Changed! It is possible! The prison so crushes its victims that it is no wonder they change, especially when they are young and stay there a long time. Of the changes in myself I am aware only much later. In waiting, my slow, dull life is passed in a cloud, which covers and presses upon the prisoner until the day when the lightning flash and the tempest rends the clouds and brings down showers of tears and blood.
(To be continued.)
FOOTNOTES:
[1] These examinations of the person only take place in cases of exceptional gravity. On the other hand, it is not prisoners alone who have to submit to the ordeal, but all persons suspected of concealing papers, Russian travellers returning from abroad, &c., &c.
[2] Court of Justice which, if necessary, revises the judgements of the other courts, and deals with cases of exceptional gravity. Doubting the best judges—since the acquittal of Vera Vassoulitch—the Government no longer confides political cases to civil courts, but hands them over either to martial courts, or the Chamber of Judgments. This latter court has no examining judge, that function being undertaken by the procurer.
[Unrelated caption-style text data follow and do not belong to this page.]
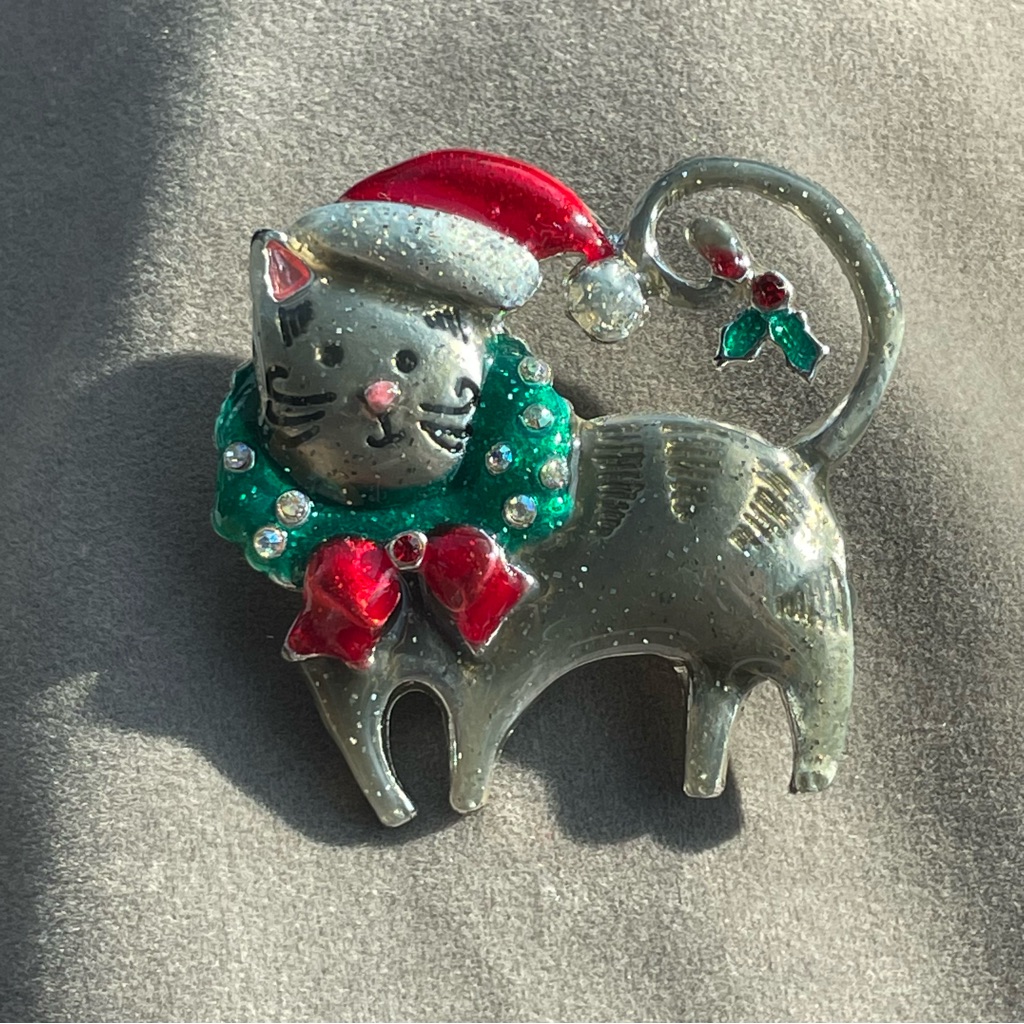 Vintage Ajmc Christmas Cat Kitty Brooch In Santa Hat With Wreath 12$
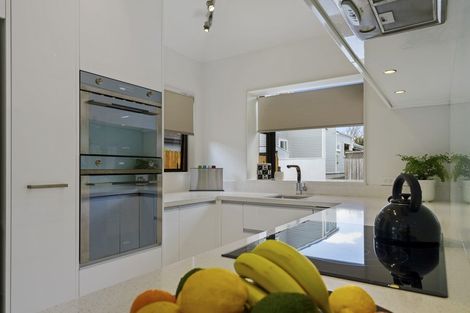 Photo of property in 13a Horotutu Road, Greenlane, Auckland, 1061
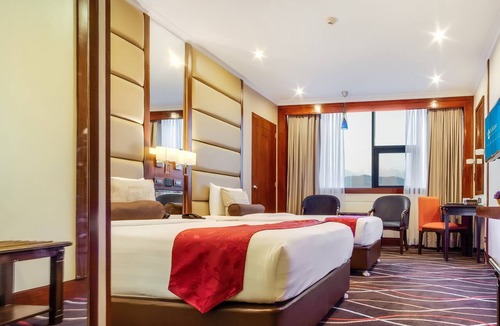 Lahug Hotel | Cebu Parklane International Hotel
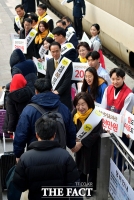 [TF포토] 귀성객에게 환하게 미소 짓는 심상정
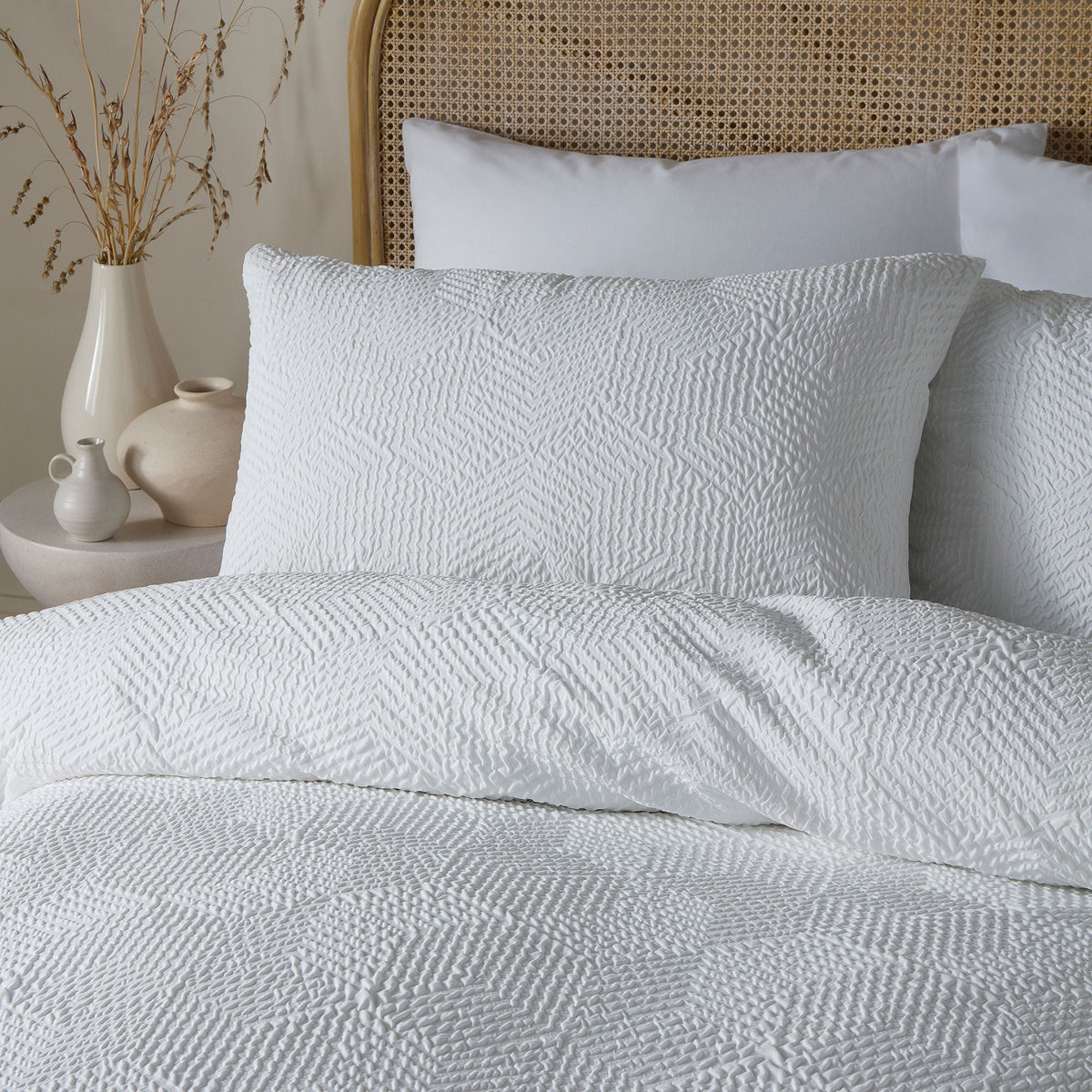 Embossed Geo Duvet Cover Set in White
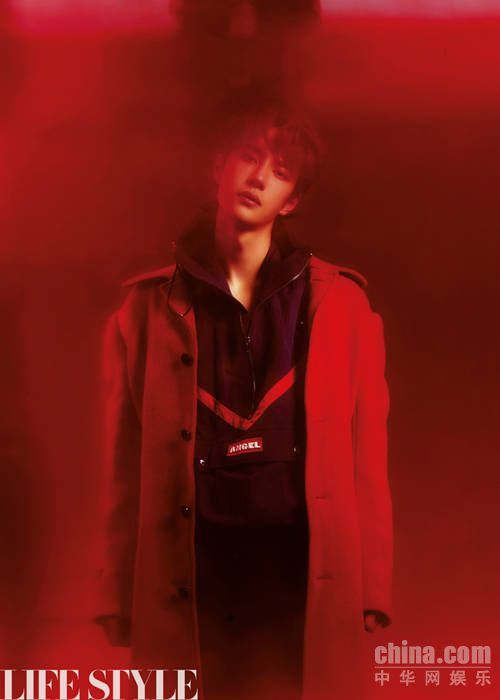 王一博登时尚杂志封面 红光氤氲里尽展偶像型格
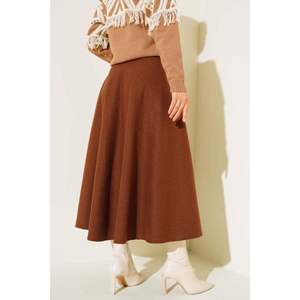 Falda acampanada modelo cachemir marrón - Product Image 4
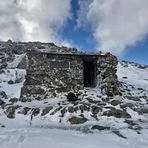 The mountain refuge hut at Foel Grach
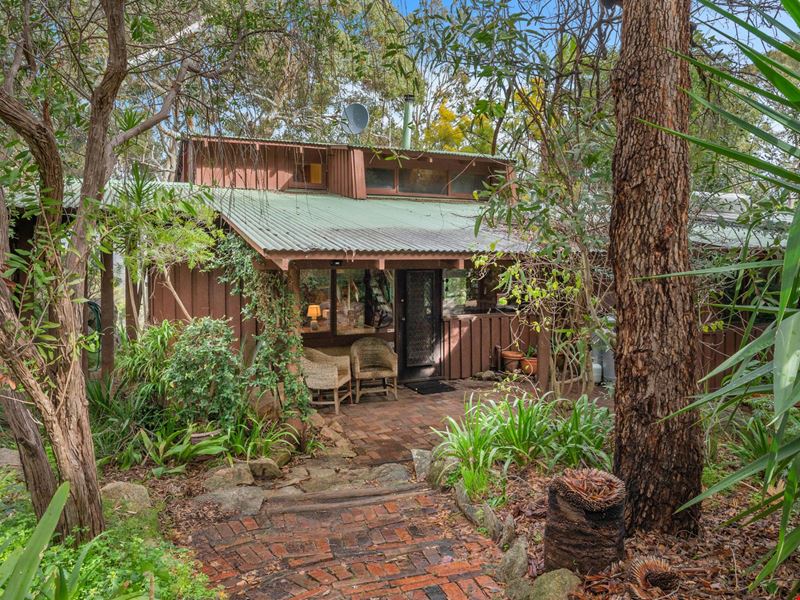 15 Michael Crescent, Boya WA 6056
[3] The regulations admit only articles in white, black, or grey.
[4] In 1877, or ’78, an Odessa prisoner, named Solomine, in an access of melancholia, tied himself on his bed and then set fire to the bedding. The smoke issuing through the door cracks warned the keepers, but the key had been handed to the director, and he was in town. When the door was at last forced open there only remained the ashes of the bedding and a partly carbonised corpse.